On Minimum Discrepancy Estimation for Deep Domain Adaptation
This addresses the issue of poor performance in deep learning when training and testing data come from different distributions, which is a common problem in computer vision applications.
The paper tackles the problem of domain shift in deep learning by proposing an unsupervised domain adaptation method that aligns second-order statistics and maximum mean discrepancy between source and target data using a two-stream CNN. The method achieves state-of-the-art performance on three benchmark datasets: Office-31, Office-Home, and Office-Caltech.

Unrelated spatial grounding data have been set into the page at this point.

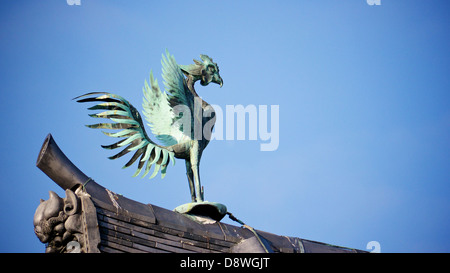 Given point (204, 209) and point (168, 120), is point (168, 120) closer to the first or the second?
point (168, 120)

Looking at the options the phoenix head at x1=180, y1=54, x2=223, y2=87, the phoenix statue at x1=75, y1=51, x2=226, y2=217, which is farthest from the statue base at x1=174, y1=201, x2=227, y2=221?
the phoenix head at x1=180, y1=54, x2=223, y2=87

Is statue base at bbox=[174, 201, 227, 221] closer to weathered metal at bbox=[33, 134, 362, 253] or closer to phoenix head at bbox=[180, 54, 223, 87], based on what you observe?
weathered metal at bbox=[33, 134, 362, 253]

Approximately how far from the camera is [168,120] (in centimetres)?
1653

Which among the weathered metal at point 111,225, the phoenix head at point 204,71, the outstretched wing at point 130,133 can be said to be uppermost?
the phoenix head at point 204,71

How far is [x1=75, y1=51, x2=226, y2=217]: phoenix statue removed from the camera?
15.6 m

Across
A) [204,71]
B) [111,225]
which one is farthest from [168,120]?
[111,225]

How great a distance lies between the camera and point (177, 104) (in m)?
16.6

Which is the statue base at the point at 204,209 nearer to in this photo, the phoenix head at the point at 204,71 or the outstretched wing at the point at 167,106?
the outstretched wing at the point at 167,106

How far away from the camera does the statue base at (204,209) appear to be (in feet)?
50.9

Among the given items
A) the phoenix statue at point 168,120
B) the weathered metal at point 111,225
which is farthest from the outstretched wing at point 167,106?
the weathered metal at point 111,225

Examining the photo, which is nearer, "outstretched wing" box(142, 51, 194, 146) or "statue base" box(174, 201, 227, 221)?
"statue base" box(174, 201, 227, 221)

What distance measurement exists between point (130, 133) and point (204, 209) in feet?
7.03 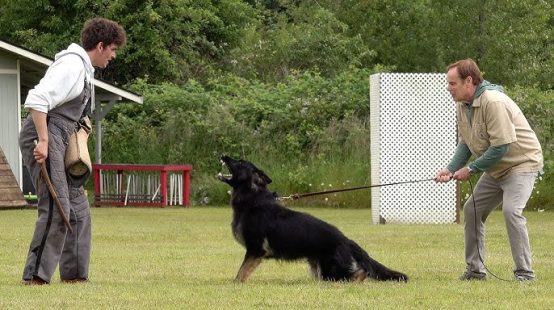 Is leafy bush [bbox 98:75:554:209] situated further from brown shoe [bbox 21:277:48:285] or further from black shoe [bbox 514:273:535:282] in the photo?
brown shoe [bbox 21:277:48:285]

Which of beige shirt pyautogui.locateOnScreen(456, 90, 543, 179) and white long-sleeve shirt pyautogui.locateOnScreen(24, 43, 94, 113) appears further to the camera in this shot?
beige shirt pyautogui.locateOnScreen(456, 90, 543, 179)

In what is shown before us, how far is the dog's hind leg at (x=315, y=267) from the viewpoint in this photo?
9.57m

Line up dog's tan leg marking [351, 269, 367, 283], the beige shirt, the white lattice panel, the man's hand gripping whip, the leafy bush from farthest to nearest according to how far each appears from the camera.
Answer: the leafy bush < the white lattice panel < dog's tan leg marking [351, 269, 367, 283] < the beige shirt < the man's hand gripping whip

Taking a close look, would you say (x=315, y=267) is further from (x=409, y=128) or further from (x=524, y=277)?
(x=409, y=128)

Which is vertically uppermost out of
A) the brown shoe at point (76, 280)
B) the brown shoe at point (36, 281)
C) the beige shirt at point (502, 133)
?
the beige shirt at point (502, 133)

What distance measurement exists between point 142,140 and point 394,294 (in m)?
19.4

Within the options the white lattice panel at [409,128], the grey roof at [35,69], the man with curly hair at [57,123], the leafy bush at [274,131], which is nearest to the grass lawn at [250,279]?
the man with curly hair at [57,123]

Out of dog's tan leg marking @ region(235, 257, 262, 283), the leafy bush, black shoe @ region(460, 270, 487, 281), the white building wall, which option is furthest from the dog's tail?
the white building wall

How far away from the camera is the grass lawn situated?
8.09 metres

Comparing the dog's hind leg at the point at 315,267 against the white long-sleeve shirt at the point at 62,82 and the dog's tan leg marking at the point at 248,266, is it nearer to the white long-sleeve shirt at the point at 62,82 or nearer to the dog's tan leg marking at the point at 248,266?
the dog's tan leg marking at the point at 248,266

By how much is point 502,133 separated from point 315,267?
5.82 feet

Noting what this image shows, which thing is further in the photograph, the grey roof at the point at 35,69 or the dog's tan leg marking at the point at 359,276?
the grey roof at the point at 35,69

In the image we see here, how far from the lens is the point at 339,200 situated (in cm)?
2444

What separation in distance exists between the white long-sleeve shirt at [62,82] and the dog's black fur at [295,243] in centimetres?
161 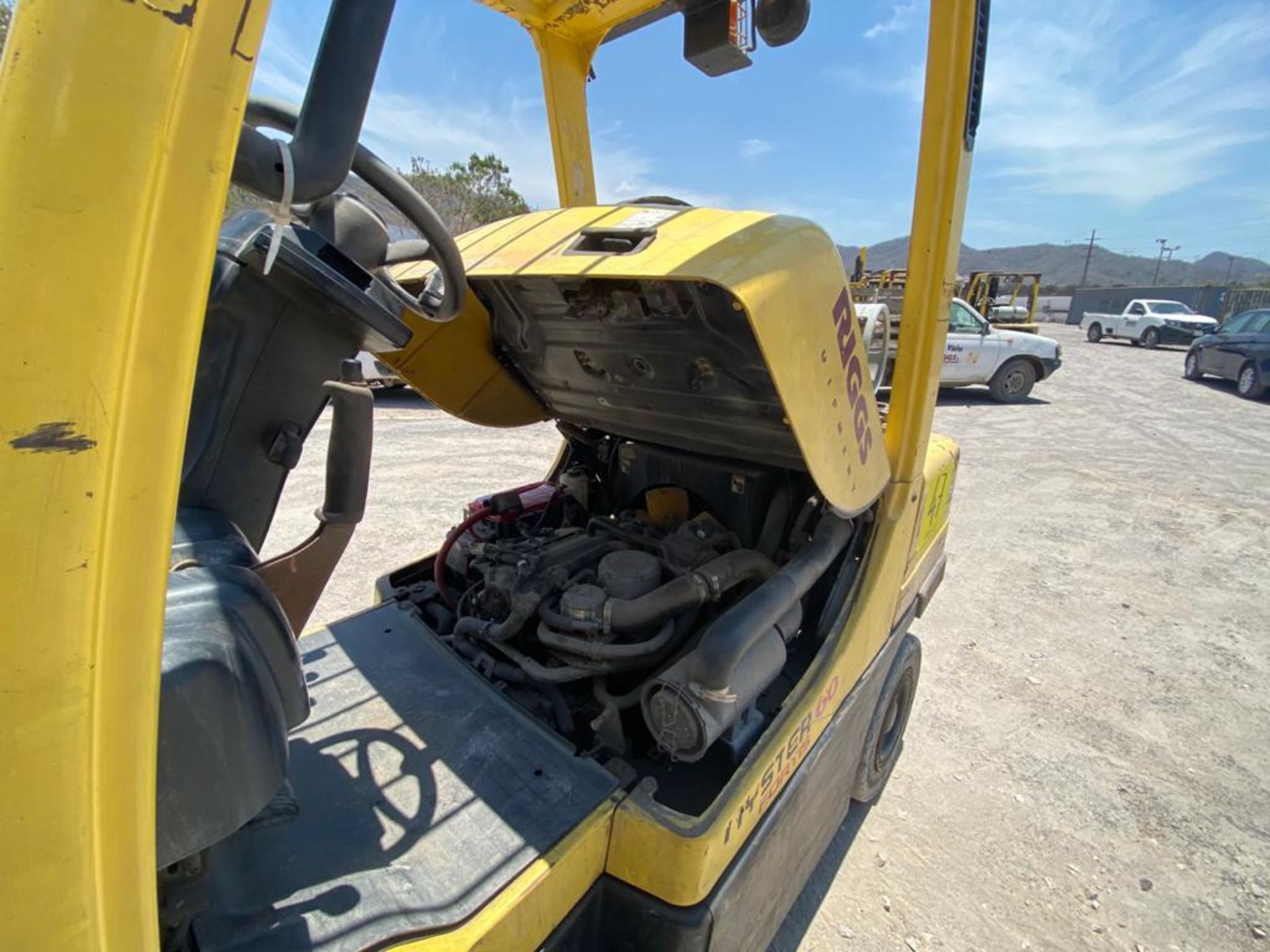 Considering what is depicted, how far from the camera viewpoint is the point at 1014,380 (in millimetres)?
11836

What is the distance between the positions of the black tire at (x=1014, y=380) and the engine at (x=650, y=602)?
11.6 m

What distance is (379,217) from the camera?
144 cm

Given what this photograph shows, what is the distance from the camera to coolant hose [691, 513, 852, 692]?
144 cm

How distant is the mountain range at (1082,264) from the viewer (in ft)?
279

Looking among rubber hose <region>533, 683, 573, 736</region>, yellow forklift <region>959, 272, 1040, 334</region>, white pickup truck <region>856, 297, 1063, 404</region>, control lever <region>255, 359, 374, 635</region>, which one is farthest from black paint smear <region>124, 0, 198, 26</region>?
yellow forklift <region>959, 272, 1040, 334</region>

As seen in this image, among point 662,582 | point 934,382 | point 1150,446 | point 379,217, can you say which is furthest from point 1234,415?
point 379,217

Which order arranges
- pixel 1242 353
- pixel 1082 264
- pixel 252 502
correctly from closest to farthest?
pixel 252 502 < pixel 1242 353 < pixel 1082 264

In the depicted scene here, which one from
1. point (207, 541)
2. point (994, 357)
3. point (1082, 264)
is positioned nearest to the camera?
point (207, 541)

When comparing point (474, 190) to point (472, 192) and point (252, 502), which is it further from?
point (252, 502)

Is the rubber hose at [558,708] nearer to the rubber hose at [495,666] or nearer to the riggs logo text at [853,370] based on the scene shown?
the rubber hose at [495,666]

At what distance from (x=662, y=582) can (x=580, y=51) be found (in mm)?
2263

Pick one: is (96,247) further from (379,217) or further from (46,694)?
(379,217)

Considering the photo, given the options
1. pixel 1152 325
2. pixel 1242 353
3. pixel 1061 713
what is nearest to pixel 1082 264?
pixel 1152 325

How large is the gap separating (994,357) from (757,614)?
39.8 feet
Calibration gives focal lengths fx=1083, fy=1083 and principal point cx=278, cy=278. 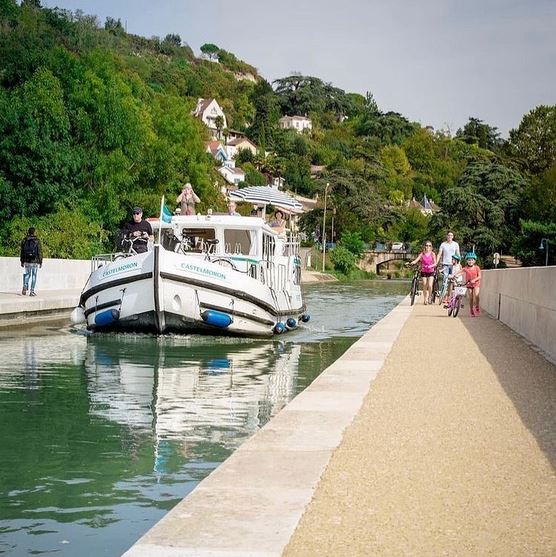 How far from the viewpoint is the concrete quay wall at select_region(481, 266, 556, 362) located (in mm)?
15078

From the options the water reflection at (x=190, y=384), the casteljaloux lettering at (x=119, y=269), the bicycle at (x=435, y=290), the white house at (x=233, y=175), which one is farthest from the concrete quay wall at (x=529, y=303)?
the white house at (x=233, y=175)

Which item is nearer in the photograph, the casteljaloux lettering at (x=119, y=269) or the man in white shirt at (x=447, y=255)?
the casteljaloux lettering at (x=119, y=269)

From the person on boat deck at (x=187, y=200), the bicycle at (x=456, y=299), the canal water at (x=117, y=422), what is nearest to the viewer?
the canal water at (x=117, y=422)

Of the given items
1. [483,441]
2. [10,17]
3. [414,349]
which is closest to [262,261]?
[414,349]

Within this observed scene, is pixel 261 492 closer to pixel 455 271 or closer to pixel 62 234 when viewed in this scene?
pixel 455 271

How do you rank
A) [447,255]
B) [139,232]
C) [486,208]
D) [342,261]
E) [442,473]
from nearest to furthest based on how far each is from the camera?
[442,473]
[139,232]
[447,255]
[486,208]
[342,261]

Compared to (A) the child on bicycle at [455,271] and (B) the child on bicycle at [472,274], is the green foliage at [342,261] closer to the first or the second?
(A) the child on bicycle at [455,271]

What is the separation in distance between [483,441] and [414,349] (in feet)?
26.5

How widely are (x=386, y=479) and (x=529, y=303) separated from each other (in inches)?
486

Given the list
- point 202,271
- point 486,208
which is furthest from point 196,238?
point 486,208

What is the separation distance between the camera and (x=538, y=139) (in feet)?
391

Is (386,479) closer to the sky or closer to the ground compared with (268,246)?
closer to the ground

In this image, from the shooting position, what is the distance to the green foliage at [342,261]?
113 m

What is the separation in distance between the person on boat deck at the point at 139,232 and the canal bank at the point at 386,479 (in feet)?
36.4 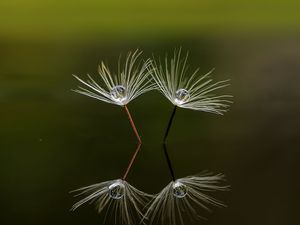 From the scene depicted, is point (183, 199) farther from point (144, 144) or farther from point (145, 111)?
point (145, 111)

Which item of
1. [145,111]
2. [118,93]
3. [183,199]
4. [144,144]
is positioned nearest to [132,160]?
[144,144]

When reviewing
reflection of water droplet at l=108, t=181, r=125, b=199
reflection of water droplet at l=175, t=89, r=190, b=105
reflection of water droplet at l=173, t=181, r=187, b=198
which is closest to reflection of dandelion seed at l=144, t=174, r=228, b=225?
reflection of water droplet at l=173, t=181, r=187, b=198

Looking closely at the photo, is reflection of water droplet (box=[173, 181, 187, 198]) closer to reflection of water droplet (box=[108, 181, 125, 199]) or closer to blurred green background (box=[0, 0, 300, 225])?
blurred green background (box=[0, 0, 300, 225])

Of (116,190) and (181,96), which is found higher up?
(181,96)

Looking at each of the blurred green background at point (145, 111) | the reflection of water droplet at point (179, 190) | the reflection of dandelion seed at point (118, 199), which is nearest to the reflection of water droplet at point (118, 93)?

In the presence of large sets of labeled data, Deep Learning (DL) has accomplished extraordinary triumphs in the avenue of computer vision, particularly in object classification and recognition tasks. However, DL cannot always perform well when the training and testing images come from different distributions or in the presence of domain shift between training and testing images. They also suffer in the absence of labeled input data. Domain adaptation (DA) methods have been proposed to make up the poor performance due to domain shift. In this paper, we present a new unsupervised deep domain adaptation method based on the alignment of second order statistics (covariances) as well as maximum mean discrepancy of the source and target data with a two stream Convolutional Neural Network (CNN). We demonstrate the ability of the proposed approach to achieve state-of the-art performance for image classification on three benchmark domain adaptation datasets: Office-31 [27], Office-Home [37] and Office-Caltech [8].